Exercise objective - Without the images, print every line of the material below exactly as given.

Working data -
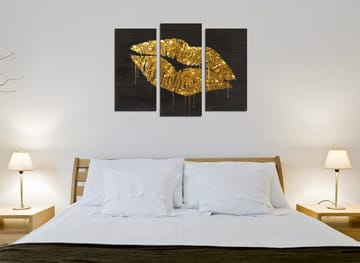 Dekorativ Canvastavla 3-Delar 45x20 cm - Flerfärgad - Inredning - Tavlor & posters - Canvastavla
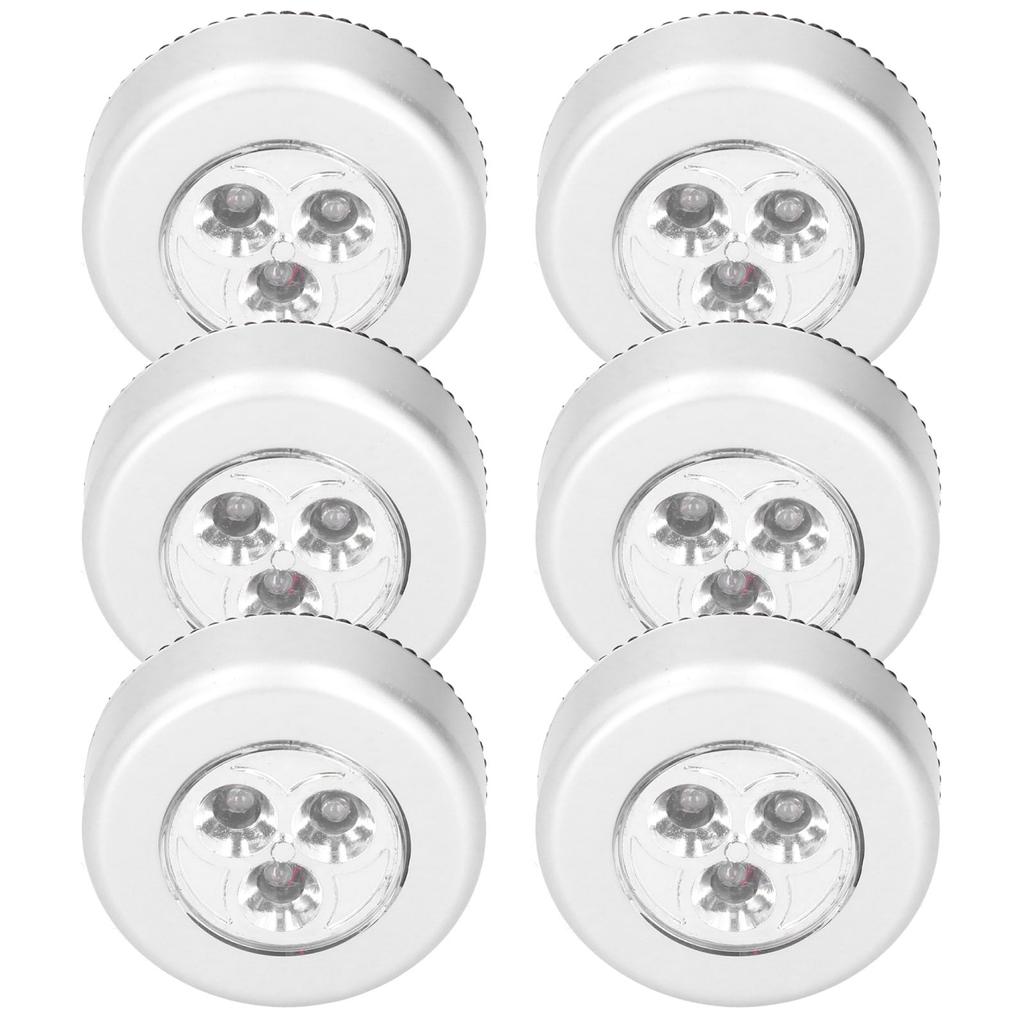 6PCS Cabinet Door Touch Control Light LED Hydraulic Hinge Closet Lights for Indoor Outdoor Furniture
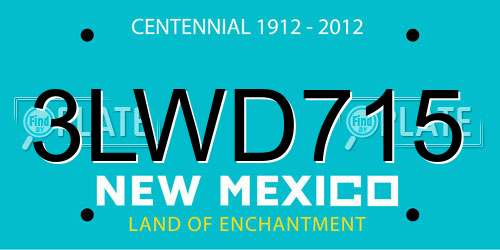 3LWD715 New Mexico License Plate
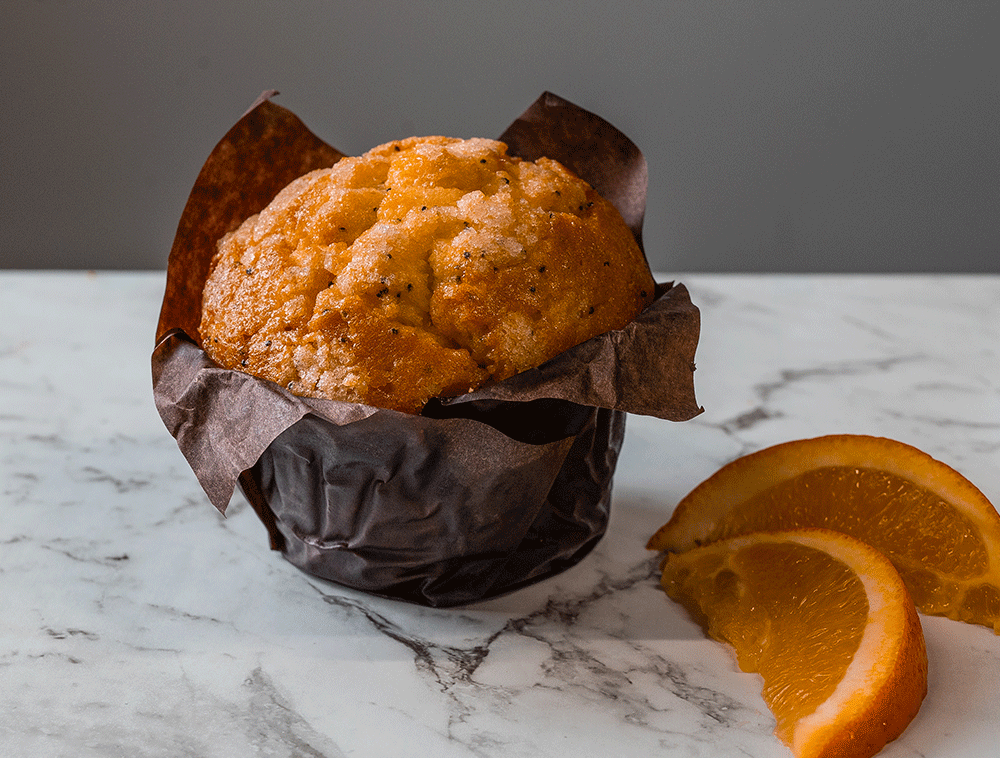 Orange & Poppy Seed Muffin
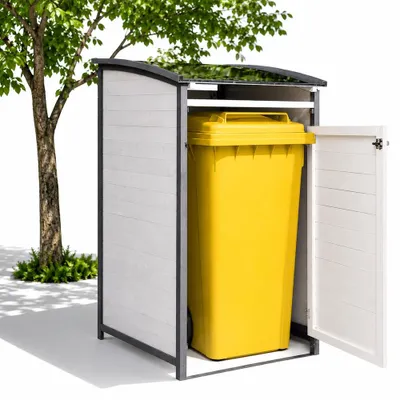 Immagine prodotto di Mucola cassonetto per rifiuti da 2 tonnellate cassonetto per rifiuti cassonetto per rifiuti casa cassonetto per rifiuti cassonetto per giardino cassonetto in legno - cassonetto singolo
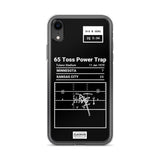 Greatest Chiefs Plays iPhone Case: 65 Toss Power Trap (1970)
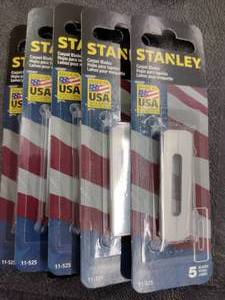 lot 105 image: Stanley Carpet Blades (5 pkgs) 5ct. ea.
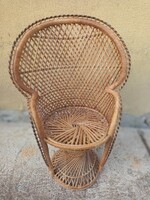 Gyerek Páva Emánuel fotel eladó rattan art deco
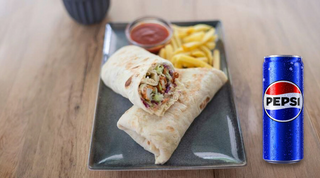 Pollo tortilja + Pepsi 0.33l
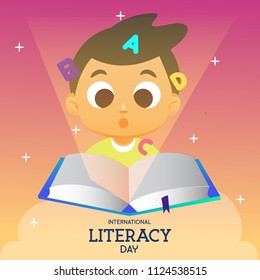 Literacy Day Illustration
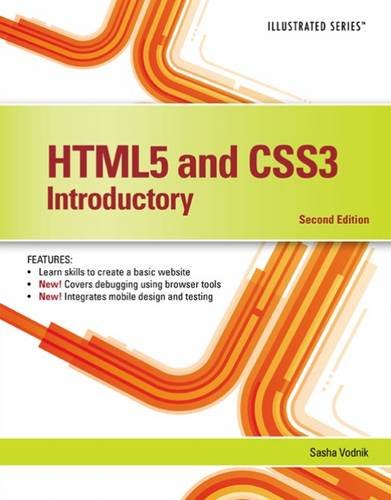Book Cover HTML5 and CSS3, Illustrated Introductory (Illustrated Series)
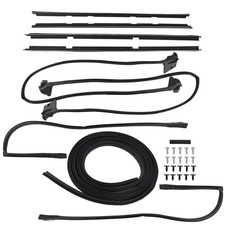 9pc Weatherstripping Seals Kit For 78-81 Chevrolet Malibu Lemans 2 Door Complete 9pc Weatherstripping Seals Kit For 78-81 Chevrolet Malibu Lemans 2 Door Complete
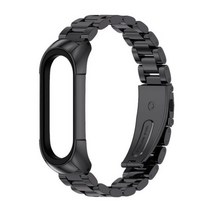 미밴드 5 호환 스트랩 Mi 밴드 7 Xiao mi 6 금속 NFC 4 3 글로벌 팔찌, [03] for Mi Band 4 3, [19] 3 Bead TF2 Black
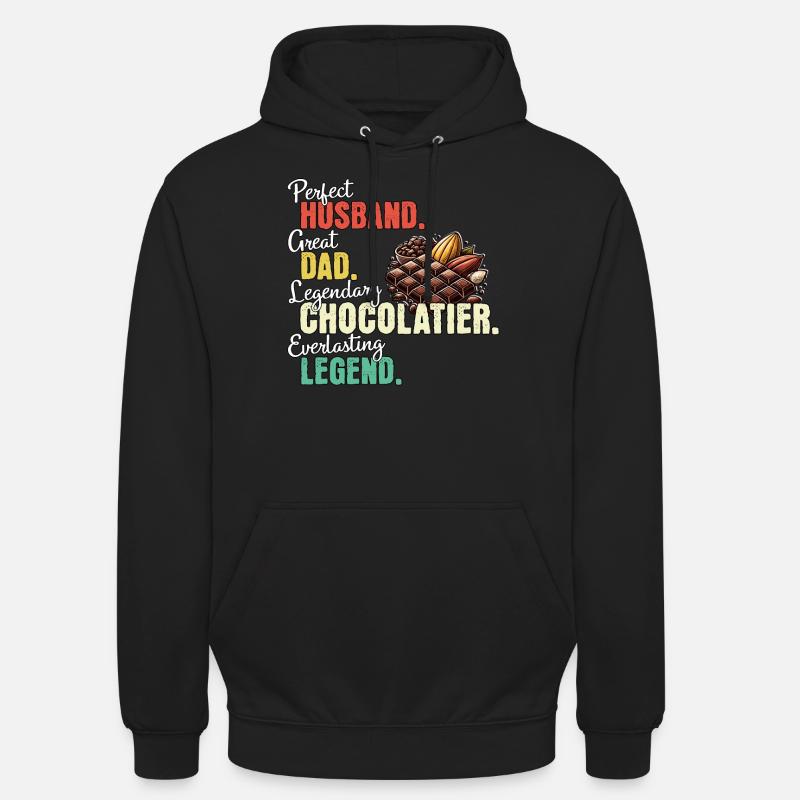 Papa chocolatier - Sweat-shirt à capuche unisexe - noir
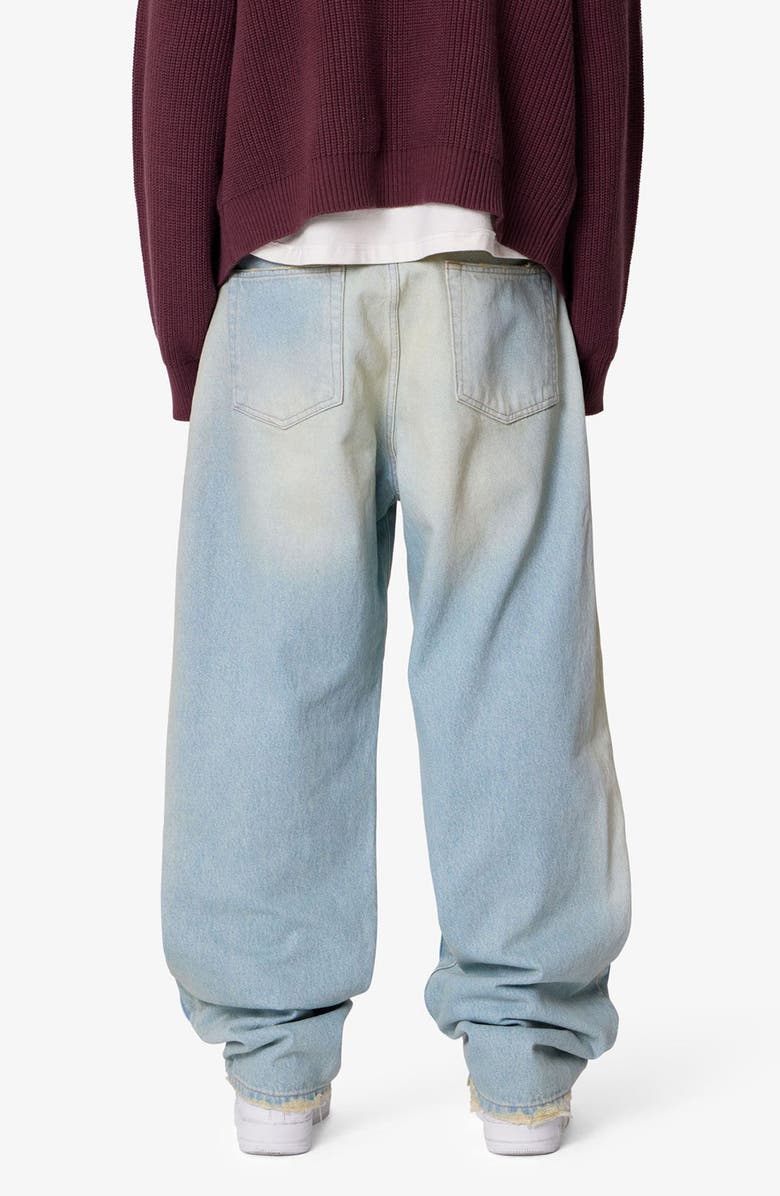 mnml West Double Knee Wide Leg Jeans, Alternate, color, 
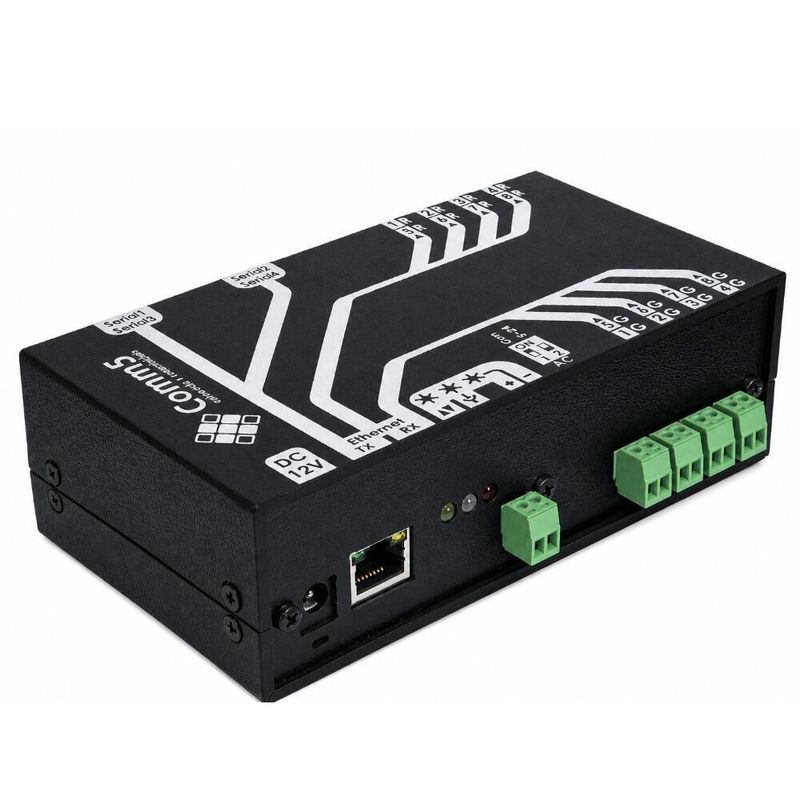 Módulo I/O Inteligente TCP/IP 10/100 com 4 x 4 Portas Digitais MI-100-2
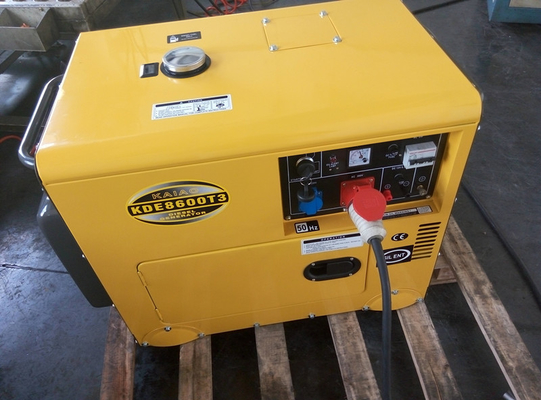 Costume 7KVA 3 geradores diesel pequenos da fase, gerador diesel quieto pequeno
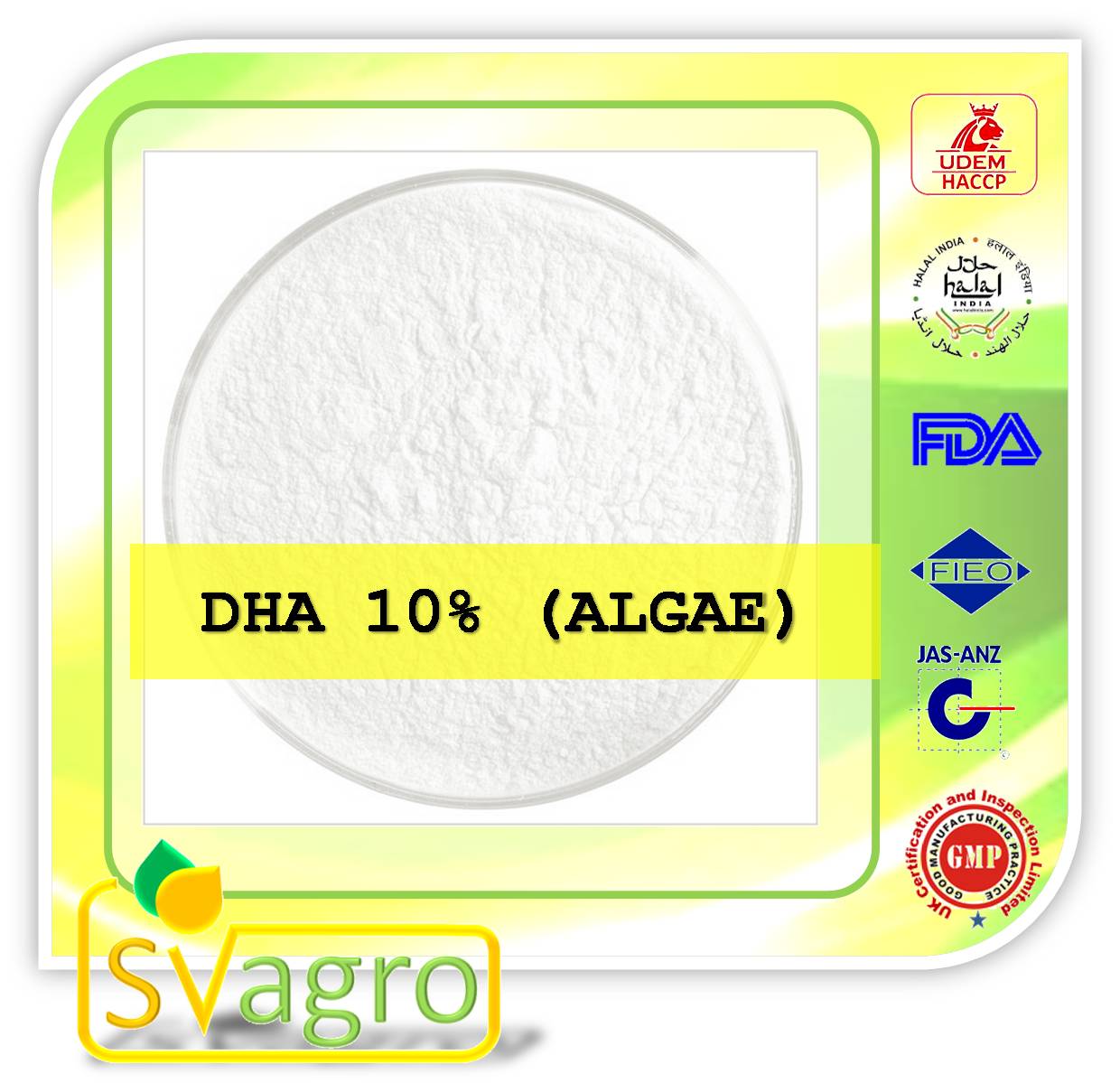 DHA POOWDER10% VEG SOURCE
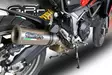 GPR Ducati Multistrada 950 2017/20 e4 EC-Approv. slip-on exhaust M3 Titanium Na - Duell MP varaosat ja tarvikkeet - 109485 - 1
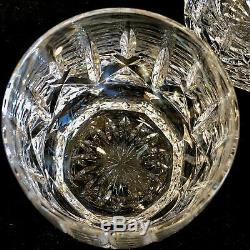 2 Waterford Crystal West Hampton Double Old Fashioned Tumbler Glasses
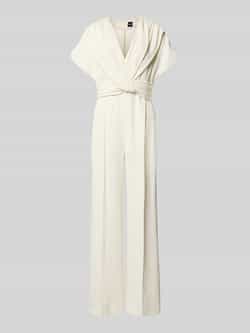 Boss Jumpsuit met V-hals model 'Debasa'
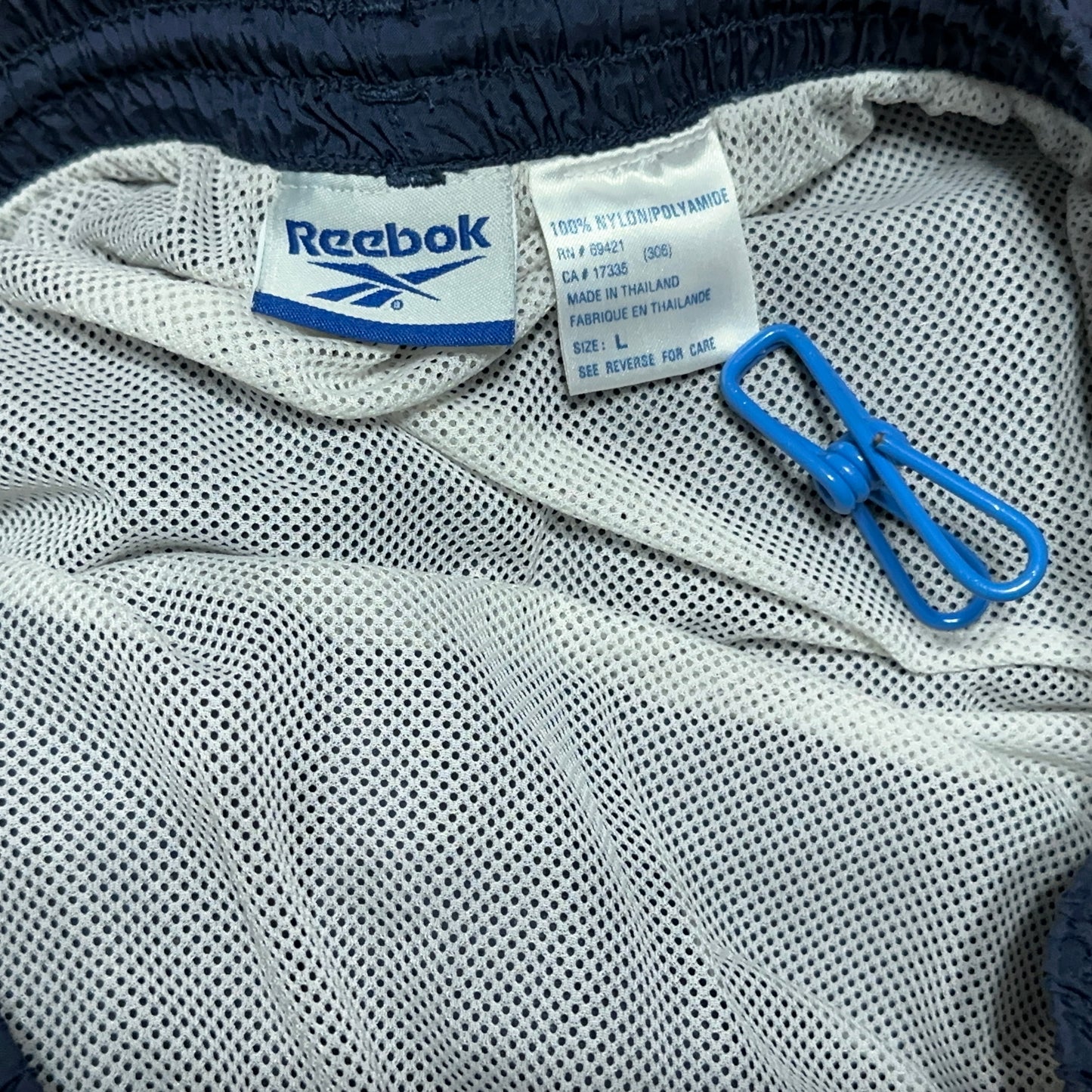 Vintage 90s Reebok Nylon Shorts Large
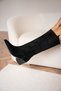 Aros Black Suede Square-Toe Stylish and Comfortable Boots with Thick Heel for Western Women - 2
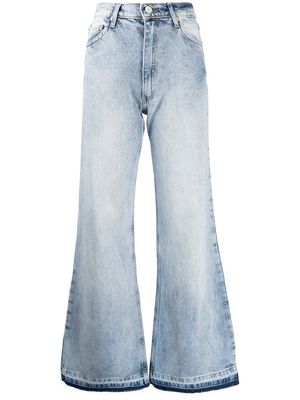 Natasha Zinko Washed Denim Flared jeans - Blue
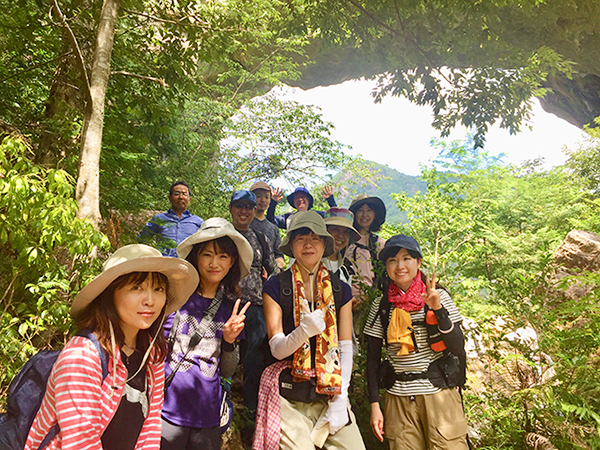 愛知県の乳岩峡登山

Answer below -
 Dekorativ Canvastavla 3-Delar 45x20 cm - Flerfärgad - Inredning - Tavlor & posters - Canvastavla
 6PCS Cabinet Door Touch Control Light LED Hydraulic Hinge Closet Lights for Indoor Outdoor Furniture
 3LWD715 New Mexico License Plate
 Orange & Poppy Seed Muffin
 Immagine prodotto di Mucola cassonetto per rifiuti da 2 tonnellate cassonetto per rifiuti cassonetto per rifiuti casa cassonetto per rifiuti cassonetto per giardino cassonetto in legno - cassonetto singolo
 Greatest Chiefs Plays iPhone Case: 65 Toss Power Trap (1970)
 lot 105 image: Stanley Carpet Blades (5 pkgs) 5ct. ea.
 Gyerek Páva Emánuel fotel eladó rattan art deco
 Pollo tortilja + Pepsi 0.33l
 Literacy Day Illustration
Book Cover HTML5 and CSS3, Illustrated Introductory (Illustrated Series)
 9pc Weatherstripping Seals Kit For 78-81 Chevrolet Malibu Lemans 2 Door Complete 9pc Weatherstripping Seals Kit For 78-81 Chevrolet Malibu Lemans 2 Door Complete
 미밴드 5 호환 스트랩 Mi 밴드 7 Xiao mi 6 금속 NFC 4 3 글로벌 팔찌, [03] for Mi Band 4 3, [19] 3 Bead TF2 Black
 Papa chocolatier - Sweat-shirt à capuche unisexe - noir
 mnml West Double Knee Wide Leg Jeans, Alternate, color, 
 Módulo I/O Inteligente TCP/IP 10/100 com 4 x 4 Portas Digitais MI-100-2
 Costume 7KVA 3 geradores diesel pequenos da fase, gerador diesel quieto pequeno
 DHA POOWDER10% VEG SOURCE
 GPR Ducati Multistrada 950 2017/20 e4 EC-Approv. slip-on exhaust M3 Titanium Na - Duell MP varaosat ja tarvikkeet - 109485 - 1
 2 Waterford Crystal West Hampton Double Old Fashioned Tumbler Glasses
 Boss Jumpsuit met V-hals model 'Debasa'
 Vintage 90s Reebok Nylon Shorts Large
 Aros Black Suede Square-Toe Stylish and Comfortable Boots with Thick Heel for Western Women - 2
 Natasha Zinko Washed Denim Flared jeans - Blue
 愛知県の乳岩峡登山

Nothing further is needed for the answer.